July 20, 2020

ICYMI: Judiciary Committee Releases Declassified Documents that Substantially Undercut Steele Dossier, Page FISA Warrants

WASHINGTON – Senate Judiciary Committee Chairman Lindsey Graham (R-South Carolina) last week released two recently declassified documents that significantly undercut the reliability of the Steele dossier and the accuracy and reliability of many of the factual assertions in the Carter Page FISA applications.
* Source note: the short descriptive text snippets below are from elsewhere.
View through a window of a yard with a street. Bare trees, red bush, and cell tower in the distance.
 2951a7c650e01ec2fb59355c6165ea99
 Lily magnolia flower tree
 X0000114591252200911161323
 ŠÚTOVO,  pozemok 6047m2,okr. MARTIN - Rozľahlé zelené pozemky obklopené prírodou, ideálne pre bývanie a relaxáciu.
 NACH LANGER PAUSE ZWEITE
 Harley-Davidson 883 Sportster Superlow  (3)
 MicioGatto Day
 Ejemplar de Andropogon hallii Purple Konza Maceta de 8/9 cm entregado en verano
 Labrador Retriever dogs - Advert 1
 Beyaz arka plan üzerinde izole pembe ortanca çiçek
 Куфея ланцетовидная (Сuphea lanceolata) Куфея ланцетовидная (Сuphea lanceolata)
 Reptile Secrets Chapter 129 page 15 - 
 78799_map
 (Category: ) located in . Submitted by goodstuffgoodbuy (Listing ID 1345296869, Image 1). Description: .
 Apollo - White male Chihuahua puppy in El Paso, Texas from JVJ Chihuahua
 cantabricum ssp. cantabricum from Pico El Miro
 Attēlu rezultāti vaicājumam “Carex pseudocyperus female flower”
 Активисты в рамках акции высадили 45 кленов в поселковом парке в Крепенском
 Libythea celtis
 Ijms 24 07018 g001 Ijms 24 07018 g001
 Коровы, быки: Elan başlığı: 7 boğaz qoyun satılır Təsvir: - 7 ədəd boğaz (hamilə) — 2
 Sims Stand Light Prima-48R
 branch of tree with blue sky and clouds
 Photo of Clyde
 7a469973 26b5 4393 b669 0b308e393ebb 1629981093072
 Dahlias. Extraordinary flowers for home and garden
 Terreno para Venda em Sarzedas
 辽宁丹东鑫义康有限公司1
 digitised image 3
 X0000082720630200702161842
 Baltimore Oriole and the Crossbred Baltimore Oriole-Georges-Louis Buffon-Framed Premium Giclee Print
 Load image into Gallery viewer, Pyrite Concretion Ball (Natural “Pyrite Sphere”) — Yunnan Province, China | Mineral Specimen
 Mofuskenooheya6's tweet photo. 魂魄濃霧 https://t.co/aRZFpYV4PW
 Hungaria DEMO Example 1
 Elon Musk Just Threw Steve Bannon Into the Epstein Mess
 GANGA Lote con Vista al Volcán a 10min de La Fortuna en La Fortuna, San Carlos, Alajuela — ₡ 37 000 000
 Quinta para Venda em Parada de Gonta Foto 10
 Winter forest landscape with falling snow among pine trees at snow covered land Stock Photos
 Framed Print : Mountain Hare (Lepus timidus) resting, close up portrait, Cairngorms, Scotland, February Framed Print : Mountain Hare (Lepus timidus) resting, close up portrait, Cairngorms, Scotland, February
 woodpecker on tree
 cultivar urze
  • The Wall Street Journal: “A Senate committee released newly declassified documents that showed the Federal Bureau of Investigation was wary in early 2017 of a dossier compiled by ex-British spy Christopher Steele that helped stir a narrative, later debunked, that the Trump campaign had close ties to Russian intelligence. The documents released Friday by the Senate Judiciary Committee included FBI notes from three days of interviews with a primary source of Mr. Steele who cast doubt on some of the dossier’s contents. FBI notes from the interview in early 2017 indicated that Mr. Steele’s source had told him information about Mr. Trump’s alleged sexual escapades was “rumor and speculation” that he was unable to confirm.”
  • Politico: “The documents suggest that even as press reports began to describe connections between Americans in Trump’s orbit and figures in Russia’s shadowy intelligence services, the FBI had gathered little, if any, evidence that such ties existed.”
  • Real Clear Investigations: “From the FBI interviews it becomes clear that the Primary Subsource and his friends peddled warmed-over rumors and laughable gossip that Steele dressed up as formal intelligence memos.”
  • The Washington Times: “Senate Judiciary Committee Chairman Sen. Lindsey Graham secured the release of two declassified documents Friday from the Justice Department that he says undercut the FBI’s reliance on Christopher Steele’s dossier and exposes how the FBI lacked concrete evidence in its probe against the president’s 2016 campaign.”
  • The National Review: “Former FBI agent Peter Strzok debunked a February 14, 2017, article in The New York Times on possible contacts between the Trump campaign and Russian intelligence, noting that the agency had seen no evidence of connections between campaign officials and Russian officers.”
  • Washington Examiner: “Senate Judiciary Committee Chairman Lindsey Graham released declassified FBI documents on Friday that appear to undercut the reliability of British ex-spy Christopher Steele’s dossier and the case against one time Trump campaign associate Carter Page…The FBI interviewed Steele’s primary subsource, whose identity remained concealed, in January 2017 over the course of three days, and the newly released 57-page transcript spans a host of topics, shedding light on Steele’s effort to dig up Russia-related dirt on Trump and those in his circle.”
  • Fox News: “The source, according to the committee, told the FBI in interviews in January and March of 2017 that the information contained in the anti-Trump dossier was unreliable…For instance, the source told the FBI he ‘did not recall’ where some of the information attributed to him or his sources came from; was never told about or mentioned to Steele certain information attributed to him or his sources; said that Steele ‘re-characterized’ some of the information to make it more substantiated and ‘less attenuated’ than it really was; and that he would have described some of his sources differently.”
  • The Hill: “Senate Judiciary Committee Lindsey Graham (R-S.C.) on Friday released two recently declassified documents tied to the years-long Russia probe, including notes suggesting FBI officials were skeptical of reports in early 2017 of contact between the Trump campaign and Russian intelligence officials.”
  • The New York Times: “The documents included an F.B.I. memo recounting a three-day interview in January 2017 with a person who served as a primary source for Christopher Steele, a former British intelligence officer who compiled the dossier for a research firm paid by Democrats. They also included [Peter Strzok’s] notes disputing aspects of a New York Times article the next month… In his annotations about two weeks later, Mr. Strzok questioned the reliability of the dossier. Reacting to a line in the newspaper article that senior F.B.I. officials believed that Mr. Steele had a credible track record, Mr. Strzok wrote in the margins: ‘Recent interviews and investigation, however, reveal Steele may not be in a position to judge the reliability of his subsource network.’ Nevertheless, in the ensuing months, the Justice Department twice sought and obtained a court’s permission to renew a wiretap of the former Trump campaign adviser, Carter Page, recycling language from earlier applications that relied in part on information from the Steele dossier.”